• **Required work**: Each line of data below must be printed exactly as written, with any pictures removed.

• **Scraped caption text data**:
--- START ---

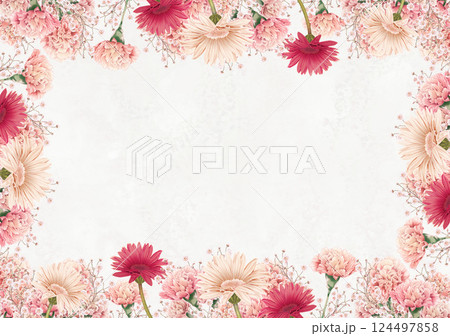 ガーベラとカーネーションの母の日の花枠 124497858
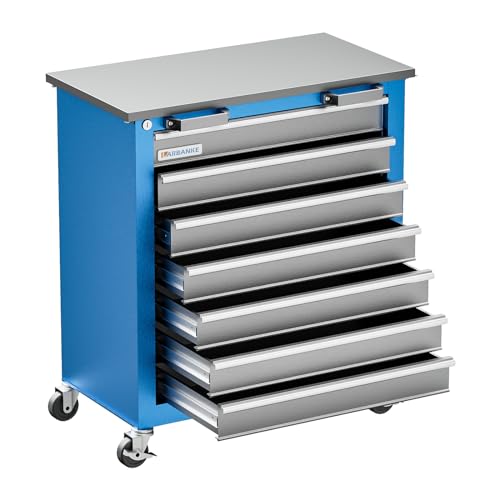 7-Drawer Rolling Toolbox,Tool Box with 360° Lockable Wheels and Padded Feet,Tool Chest with Keyed Locking System and Drawer Liners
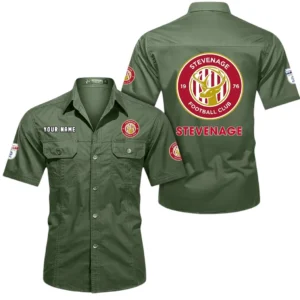 Stevenage Football Club Short Sleeved Shirt, Gift For Stevenage Football Club Fan EPL80052225344 - Army Green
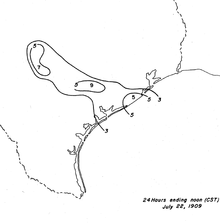 Black and white contoured map of rainfall totals, ranging from 3 in (76 mm) to 9 in (230 mm).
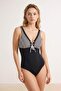 Black Striped V-Neck Covered Tie Detailed Regular Swimsuit Tbess26Ma00128 - 2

--- END ---

• **Completed task**:
 ガーベラとカーネーションの母の日の花枠 124497858
 7-Drawer Rolling Toolbox,Tool Box with 360° Lockable Wheels and Padded Feet,Tool Chest with Keyed Locking System and Drawer Liners
 Stevenage Football Club Short Sleeved Shirt, Gift For Stevenage Football Club Fan EPL80052225344 - Army Green
 Black and white contoured map of rainfall totals, ranging from 3 in (76 mm) to 9 in (230 mm).
 Black Striped V-Neck Covered Tie Detailed Regular Swimsuit Tbess26Ma00128 - 2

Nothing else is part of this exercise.